Por Clóvis Lima
Fico imaginando o que o Vicente Melo falaria dele mesmo nesse momento, pois não sei se o texto que me atrevo a escrever estaria a sua altura. Vou me arriscar.
Talvez ele fizesse uma piada dele mesmo com aquele humor inquieto e mordaz.
Talvez ele esteja fazendo isso agora mesmo, rindo e confabulando ideias.
Vicente é assim, uma figura inquieta e às vezes indecifrável.
A face mais indecifrável do amigo foi sua vida durante a ditadura. Nunca me revelou muita coisa. O pouco que sei, por respeito a ele vou suprimir desse texto. Se ele não contou, quem sou eu para contar? Mesmo sendo ele mais um dos muitos perseguidos nos anos de chumbo, dificilmente transparecia. Vicente sabia viver o momento presente e sem querer nos ensinou isso. Ele sabia se levantar. Teve na década de 90 que conviver com a perda se seu filho Rafael, um grande cara que tive o prazer de conhecer, alegre como o pai. Vicente perdeu seu filho mais velho e acabou nos adotando a todos.

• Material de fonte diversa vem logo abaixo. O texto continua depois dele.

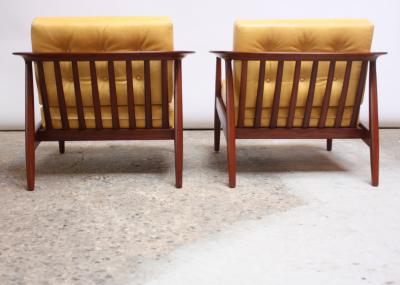 Folke Olhsson Swedish Modern Leather and Teak Lounge Chairs by Folke Ohlsson for Dux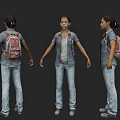 modern woman backpack girl 3d model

Engraçado como tudo parecia mais leve quando eu o encontrava na Vila, na padaria ou nos eventos culturais. Ainda me lembro quando em 2016, após o golpe na Dilma, ainda apreensivo e sem chão, encontrei-o na padaria no Aterrado e trocamos algumas ideias sobre o que havia acontecido. A serenidade dele era de quem já havia testemunhado parte da história do Brasil e por isso deixava escapar dos olhos uma esperança. Já lá em 2016 ele me disse com todas as letras que aquele era só o começo, que Lula seria preso e que a tendência era, por hora, a coisa piorar. É bom grifar o “por hora” nesse texto pois ali estava sua esperança de que o mal fosse passar. Vai passar, sim, Vicente. Muita coisa passa. Nossa amizade não.